4

I have been struggling with F# and especially working with Deedle.Frame and Deedle.Series.

  1. I need to create two new columns with values that depend on the other columns.
  2. For some rows, I need to insert a new row.

My current solution is very ugly, basically filter the Frame according to each if-statement and return a new Frame with the new columns only. Then I merge this into the original Frame. This works since the cases or mutually exclusive. The case when I need to insert a new row is made such that I will reindex the new frame so that the during a merge it simply be appended at the bottom (after last row) of the original Frame.

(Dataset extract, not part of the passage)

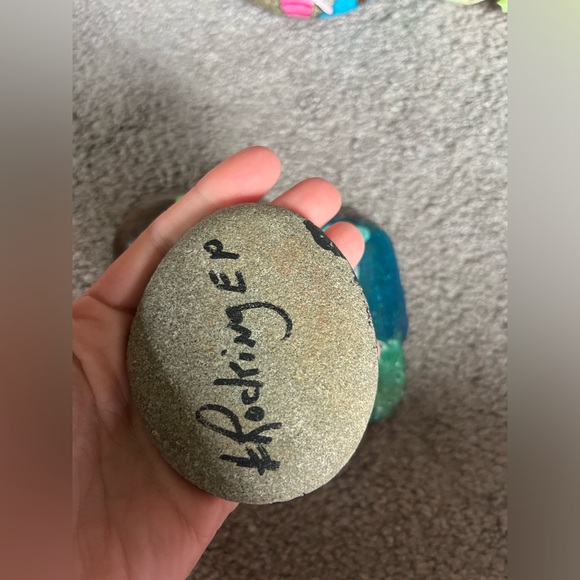 HAND PAINTED ROCKS - Picture 2 of 6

However, since the different if-cases/patterns are many, I have to work with a lot of merging of frames and make sure that the complement of the IF-statements are handled (otherwise there will be missing values).

Input Frame -> Target Frame (row order not important)

// ****** PSEUDO CODE ******
// Create new columns as copies.
Add column ["NEWTYPE"] = ["TYPE"] 
Add column ["NEWVALUE"] = ["VALUE"]
// Iterate over rows.
foreach row in table
    IF row["GROUP"] == A
        typeParts = row["TYPE"].Split('/')
        // Swap order X/Y -> Y/X.
        IF typeParts[0] == "X" && typeParts[1] != "X"
          row["NEWTYPE"] = typeParts[1] + "/" + "X"
          row["NEWVALUE"] = row["VALUE"] / 10.0
        // Split row into two rows Z/Y -> {Z/X, Y/X}.
        ElseIF typeParts[0] != "X" && typeParts[1] != "X"
            Insert extraRow = row
            extraRow["NEWTYPE"] = typeParts[0] + "/" + "X"
            extraRow.["NEWVALUE"] = row["VALUE"] * 2.0
            row["NEWTYPE"] = typeParts[1] + "/" + "X"
            row["NEWVALUE"] = row["VALUE"] * 3.0
        ELSE
            // Do nothing, new columns already copied.
    ELSE
          // Do nothing, new columns already copied.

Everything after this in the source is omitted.